Despite the fact that the Trust seems to be a more novel structure, the law that regulates it was established in 1984, while the law that regulates the FIP was established in 1995.
How do I protect my Will?
In the case of Private Interest Foundations, their Founder or Founders, who contribute the patrimony, designate a Foundational Council that is usually made up of three members, a President, a Secretary and a Treasurer, to administer the patrimony in accordance with the will that has been recorded in the Foundation Charter and in the Foundation Regulations. In addition to said entity, the Founder or Founders may appoint a Protector to oversee compliance with what is established in the documents that regulate the FIP. In many cases, the members who occupy the positions in the Foundational Council and the position of Protector are members of the family of the Founder or Founders or people close to him, to whom he entrusts the execution of certain powers and functions, which he hopes will be fulfilled. during his lifetime and at his death, according to his will. Such members are also usually designated Beneficiaries of the Founder or Founders.
In the case of the Trust, its Settlor or Settlors, contribute the assets to the Trust and in that same act they designate the Trust Company to administer said assets in accordance with their will, which is recorded in the trust agreement. In this case, the Settlor or Settlors may also appoint a Protector. The one who executes the will of the Settlor or Settlors is the Trust Company who, as an entity regulated by the Superintendency of Banks, must comply with the will of the Settlor or Settlors, constituting said Superintendency as the supervisory body of the Trust Company execution.
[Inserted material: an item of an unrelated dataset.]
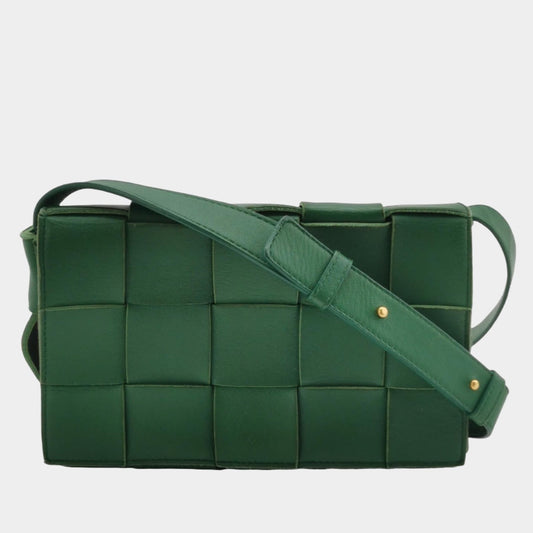 Bottega Veneta Cassette Green Leather Crossbody Bag-Luxbags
In addition, in the case of the Trust, it is also audited whether or not there is a link between the parties involved in the agreement in order to avoid conflicts of interest. This structure mainly seeks to maintain impartiality between the parties involved.
What assets can I transfer to the Patrimony?
Assets of any nature, present or future, may be transferred to the Trust's patrimony, including without limitation, personal property, real estate, securities, and cash. Once the assets are transferred to the patrimony, they are constituted as a separate patrimony from the assets of the person delivering them and the Trust Company personal assets and cannot be seized, except for obligations acquired by the Trust.
The transfer of assets to the Trust's patrimony is exempt from all taxes, contributions, fees or encumbrances, as well as the return of said assets to the person or persons who originally contributed them.
What is the right structure for me?
The above depends on different situations. As we have mentioned, the main difference between one structure and another is the entity that executes the will of the person who delivers the patrimony.
In addition to the above, the Trust Company provides added value in the administration and execution of the patrimony since it has staff and members who accompany the Settlor with professional advice in the decisions that must be made regarding their assets.